Find the line that contains "Louis Vuitton Damier"; then retype it and each line after it, exactly, through the final line of the data below.

Web page caption snippets:
+-------+
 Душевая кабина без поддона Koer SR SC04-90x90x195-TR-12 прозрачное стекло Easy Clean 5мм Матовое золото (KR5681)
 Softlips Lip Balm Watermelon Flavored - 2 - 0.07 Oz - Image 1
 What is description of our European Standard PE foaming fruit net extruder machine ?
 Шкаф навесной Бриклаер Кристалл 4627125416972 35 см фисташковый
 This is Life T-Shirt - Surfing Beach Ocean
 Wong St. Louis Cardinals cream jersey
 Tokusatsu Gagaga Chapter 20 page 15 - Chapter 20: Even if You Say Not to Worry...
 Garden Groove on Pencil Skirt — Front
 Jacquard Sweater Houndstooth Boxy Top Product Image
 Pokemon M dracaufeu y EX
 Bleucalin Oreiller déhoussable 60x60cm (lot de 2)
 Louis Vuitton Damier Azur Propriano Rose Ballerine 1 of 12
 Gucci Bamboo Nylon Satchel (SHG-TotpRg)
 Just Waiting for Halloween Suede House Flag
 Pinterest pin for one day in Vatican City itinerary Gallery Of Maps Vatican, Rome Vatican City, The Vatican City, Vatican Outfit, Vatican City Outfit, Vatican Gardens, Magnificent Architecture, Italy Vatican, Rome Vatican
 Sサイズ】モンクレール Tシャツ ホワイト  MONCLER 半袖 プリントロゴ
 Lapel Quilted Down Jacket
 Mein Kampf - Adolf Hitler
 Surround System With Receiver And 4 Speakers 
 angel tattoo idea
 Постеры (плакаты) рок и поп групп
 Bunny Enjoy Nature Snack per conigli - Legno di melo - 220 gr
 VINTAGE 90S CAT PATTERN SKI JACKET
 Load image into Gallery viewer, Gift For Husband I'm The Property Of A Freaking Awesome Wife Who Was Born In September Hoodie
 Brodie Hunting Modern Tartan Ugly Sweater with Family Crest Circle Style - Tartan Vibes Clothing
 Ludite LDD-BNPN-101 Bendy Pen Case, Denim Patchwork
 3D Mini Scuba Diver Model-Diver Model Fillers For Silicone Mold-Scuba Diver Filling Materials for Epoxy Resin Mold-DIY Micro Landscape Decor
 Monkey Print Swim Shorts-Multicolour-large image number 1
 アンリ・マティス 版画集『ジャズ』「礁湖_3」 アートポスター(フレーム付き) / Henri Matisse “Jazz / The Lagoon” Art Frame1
+-------+
Solution below:
 Louis Vuitton Damier Azur Propriano Rose Ballerine 1 of 12
 Gucci Bamboo Nylon Satchel (SHG-TotpRg)
 Just Waiting for Halloween Suede House Flag
 Pinterest pin for one day in Vatican City itinerary Gallery Of Maps Vatican, Rome Vatican City, The Vatican City, Vatican Outfit, Vatican City Outfit, Vatican Gardens, Magnificent Architecture, Italy Vatican, Rome Vatican
 Sサイズ】モンクレール Tシャツ ホワイト  MONCLER 半袖 プリントロゴ
 Lapel Quilted Down Jacket
 Mein Kampf - Adolf Hitler
 Surround System With Receiver And 4 Speakers 
 angel tattoo idea
 Постеры (плакаты) рок и поп групп
 Bunny Enjoy Nature Snack per conigli - Legno di melo - 220 gr
 VINTAGE 90S CAT PATTERN SKI JACKET
 Load image into Gallery viewer, Gift For Husband I'm The Property Of A Freaking Awesome Wife Who Was Born In September Hoodie
 Brodie Hunting Modern Tartan Ugly Sweater with Family Crest Circle Style - Tartan Vibes Clothing
 Ludite LDD-BNPN-101 Bendy Pen Case, Denim Patchwork
 3D Mini Scuba Diver Model-Diver Model Fillers For Silicone Mold-Scuba Diver Filling Materials for Epoxy Resin Mold-DIY Micro Landscape Decor
 Monkey Print Swim Shorts-Multicolour-large image number 1
 アンリ・マティス 版画集『ジャズ』「礁湖_3」 アートポスター(フレーム付き) / Henri Matisse “Jazz / The Lagoon” Art Frame1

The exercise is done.